Let $E = \mathbb{R}^n$ and $f :E \rightarrow E $ such that $f \in \mathcal{C}^2$. We suppose that $\forall x \in E$, the differential of $f$ is an isometry. Let now $\varphi(x) = \langle\text{d}f(x)h, \text{d}f(x)k\rangle$. Calculate the differential of $\varphi$
I am having a hard time to compute the differential of $\phi$.
My idea would be to express $\varphi$ as the composition of two functions. We have $\varphi(x) = u \circ v(x)$ where $v(x) = (\text{d}f(x)h, \text{d}f(x)k)$ and $u(a,b) = \langle a,b\rangle$. And then simply use the formula of the differential function of composite functions.
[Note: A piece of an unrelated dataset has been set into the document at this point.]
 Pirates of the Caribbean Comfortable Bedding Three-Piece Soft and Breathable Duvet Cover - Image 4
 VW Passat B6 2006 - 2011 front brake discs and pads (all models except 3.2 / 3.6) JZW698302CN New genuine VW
We have $\text{d}u(a,b)(h_1,h_2) = \langle a,h_2\rangle + \langle h_1,b\rangle$ but I can't understand how to calculate the differential of $v$? Would it be simply:
$$\text{d}v(x)(m) = (\text{d}^2f(x)(h,m),\text{d}^2f(x)(k,m)) $$?
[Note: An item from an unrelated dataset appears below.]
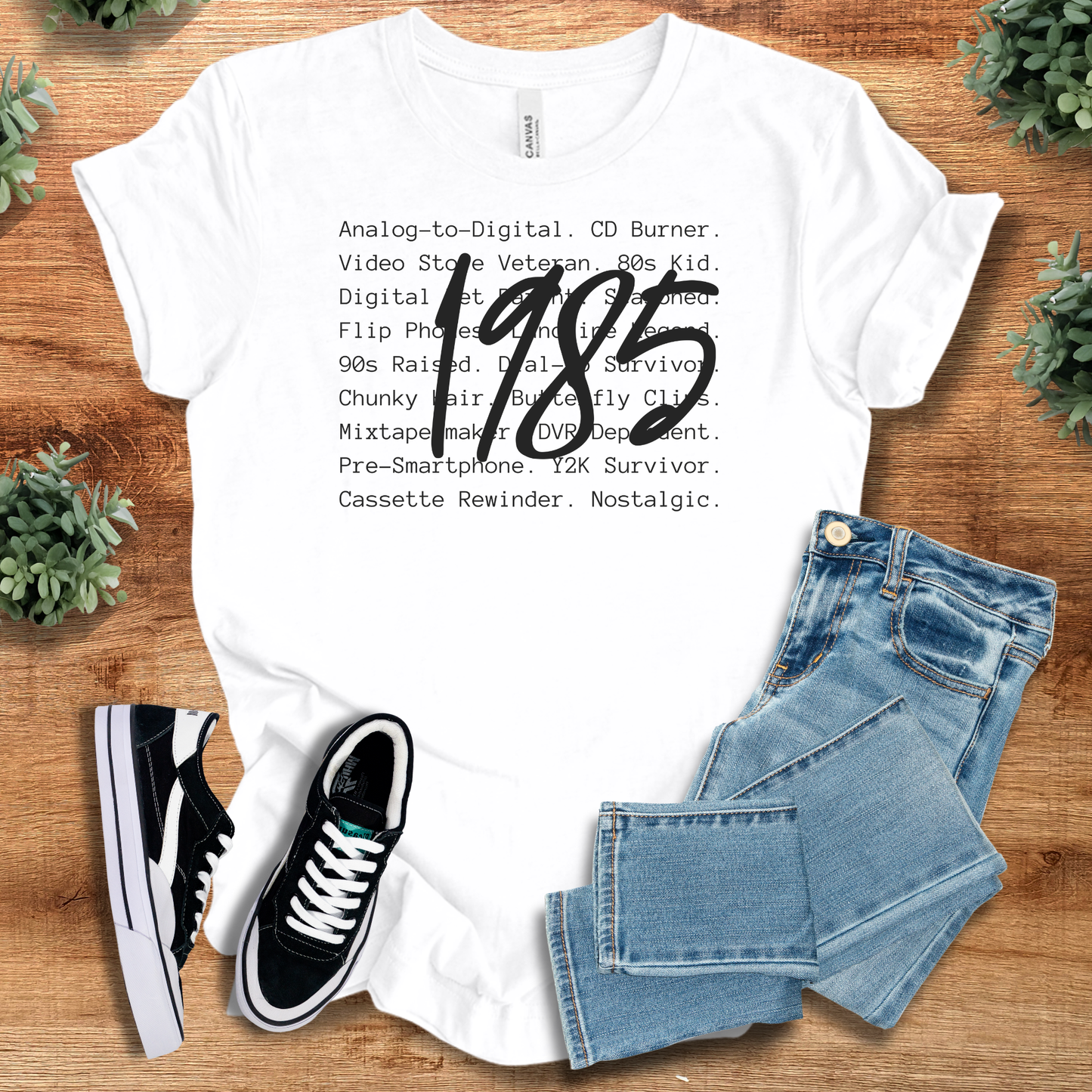 1985 Tee - Vintage Retro Style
Any help will be appreciated.
Notation: I use the symbol $\partial$ for the Fréchet derivative, the symbol $\partial_k$ for the $k$-th partial derivative and the symbol $d$ for the differential.
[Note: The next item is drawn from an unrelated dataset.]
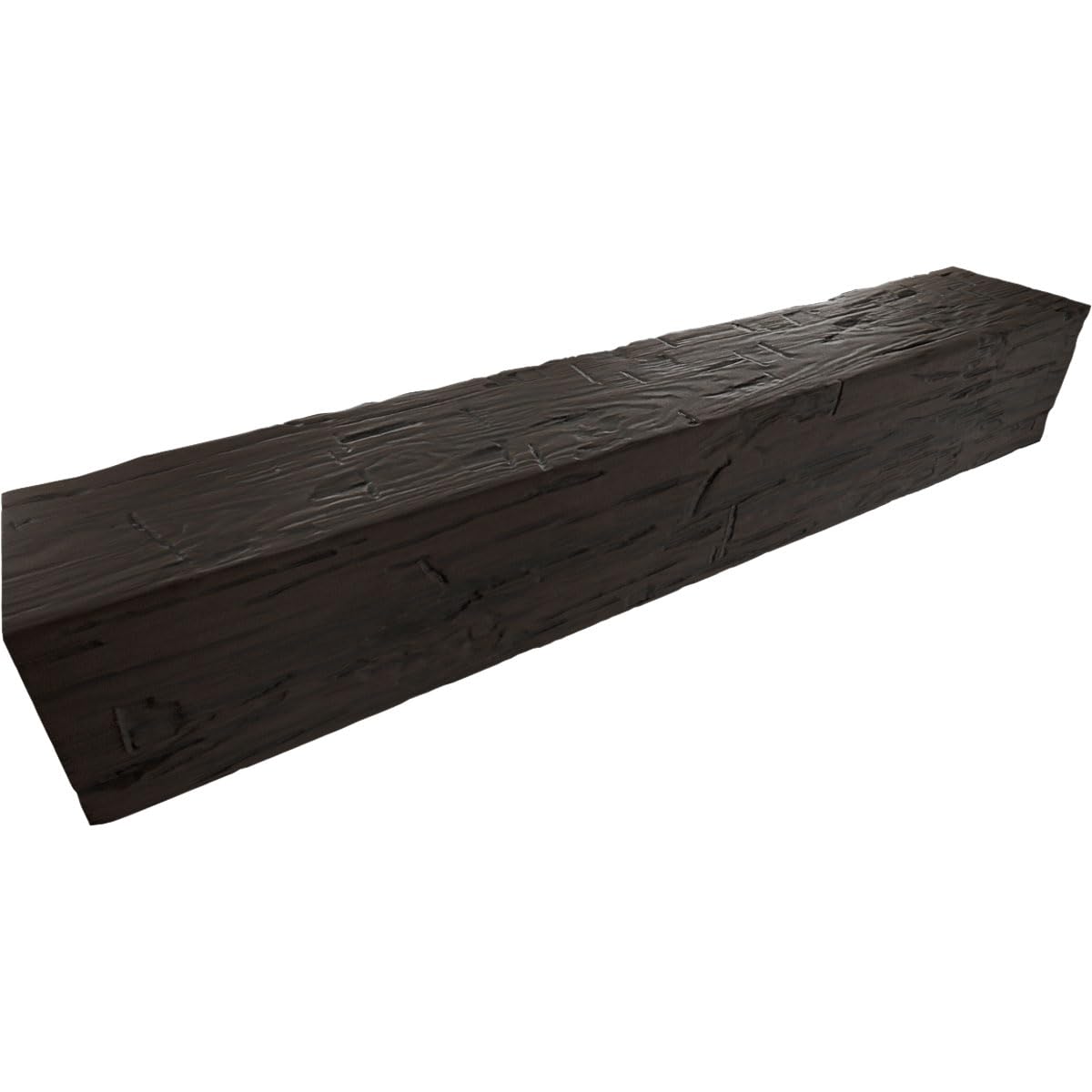 Ekena Millwork BMHH3C0080X060X096ZH 3-Sided U-Shaped Hand Hewn Endurathane Faux Wood Ceiling Beam - 8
Then if $\varphi\in C^1(E,\Bbb R)$ we have that
$$d(\varphi(x))=\sum_{k=1}^n\partial_k \varphi(x)\, dx^k\tag1$$
where $dx^1,\ldots,dx^n$ is the canonical basis of the $1$-forms space over $E$. In this case we have that
$$\begin{align}\partial_k\varphi(x)&=\partial_k\langle \partial f(x)h_1,\partial f(x)h_2\rangle\\&=\langle\partial^2f(x)(h_1,e_k),\partial f(x)h_2\rangle+\langle\partial f(x)h_1,\partial^2 f(x)(h_2,e_k)\rangle\end{align}\tag2$$
where $e_1,\ldots,e_n$ is the canonical basis of $E$. Im not sure if this expression can be simplified.
EDIT:
Oh, I didnt read before... if $\partial f(x)$ is an isometry for all $x$ then $$\varphi(x)=\langle\partial f(x) h_1,\partial f(x) h_2\rangle=\langle h_1,h_2\rangle$$
so $\varphi$ is constant. Consequently $d\varphi=0$.